En contrevenant à l’exigence de préservation de la peau blanche on s’exposait à la relégation et au mépris de sa famille d’origine et de la communauté d’appartenance de celle-ci. Chez les Saint-Sulpice, comme dans les autres familles de békés, cette exigence était telle qu’elle devait nécessairement l’emporter sur l’attirance et le désir que pouvait susciter une personne à la peau noire ou tendant vers le noir.
Ainsi pendant des décennies, la longue conformité obligée de Paula aux attentes de son grand-père et de sa mère l’a enfermée dans une identité d’exclusivement blanche, à jamais fixée, l’empêchant d’être pleinement elle-même et notamment d’assumer son métissage et d’en apprécier les potentialités. Toutefois, après beaucoup de renoncements et de souffrances, Paula a finalement commencé à entrevoir qu’elle avait la possibilité d’être, à la fois, blanche et noire ; et, aussi, selon les événements du monde et de sa propre existence, celle de bénéficier du privilège de parfois se sentir plus noire que blanche et, d’autre fois, plus blanche que noire, ou encore, ni noire, ni blanche.

Mêlant la détermination du propos et la subtilité de l’évocation, La nuit tu es noire, le jour tu es blanche montre combien, aux Antilles notamment, l’interdit du métissage a été une implacable machine à broyer les existences individuelles et comment, jusqu’à aujourd’hui, bien que moins brutale, sa transmission d’une génération à l’autre continue à affecter les destinées quelle que soit la couleur de peau.

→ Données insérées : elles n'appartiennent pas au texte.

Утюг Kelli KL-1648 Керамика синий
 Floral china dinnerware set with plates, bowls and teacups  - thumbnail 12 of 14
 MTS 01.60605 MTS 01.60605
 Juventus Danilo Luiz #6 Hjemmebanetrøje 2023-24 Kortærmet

Le roman d’Anne Terrier contribue avec force à la réflexion en faveur de l’identité comme processus et non pas comme état à jamais donné à la naissance, Dans cette perspective, elle soutient que l’acceptation et la valorisation du métissage des couleurs de peaux, plutôt que le rejet de l’Autre parce qu’il est blanc ou noir – « a fortiori quand cet Autre se terre à l’intérieur de soi » – ne peut qu’ouvrir à une identification suffisamment sereine.